Ce groupe déjà présent à Sedan où il draine aussi des clients de Charleville-Mézières et de sa périphérie avait déjà convoité, un terrain à Tournes, en 2017, en envisageant alors d’y ériger un « hyper » de 6 000 m². Mais aussi un drive de neuf pistes, une station-service, une animalerie et un restaurant Crescendo. Soit un projet estimé, à l’époque, à 25 millions d’euros et pouvant déboucher sur 200 créations d’emploi. Mais cet ambitieux programme n’avait pas obtenu le feu vert de la commission nationale de l’aménagement du territoire.
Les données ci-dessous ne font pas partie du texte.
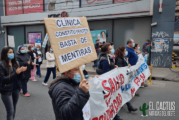 Morón | Nueva protesta y marcha por falta de pago en la Clínica Constituyentes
La galerie marchande aussi concernée
Le Carrefour de la Croisette, qui emploie 300 personnes et réalise un meilleur chiffre d’affaires que son voisin, restera dans le giron de Carrefour. « L’opération est également conditionnée à la cession de la galerie marchande attenante à l’hypermarché villersois », ajoute la Haute Autorité.
Cet espace comprend un peu plus d’une douzaine de magasins locataires (Nocibé, l’agence de voyage Prêt à partir, Léonidas, Kryss, deux bijouteries, la Caisse d’Epargne, la Poste, deux salons de coiffure, une esthéticienne, un bar, un cordonnier, etc…) et dépend, aujourd’hui, de Carmila, une filiale rattachée à Carrefour France et dédiée à la valorisation des centres commerciaux attenants et de la gestion de l’immobilier et qui a succédé à Galimmo qui oeuvrait pour Cora. La cession effective du centre commercial de Villers-Semeuse sera soumise aux représentants sociaux qui d’ici la fin 2025 seront avisés lors d’une consultation du Comité Social et Economique (CSE).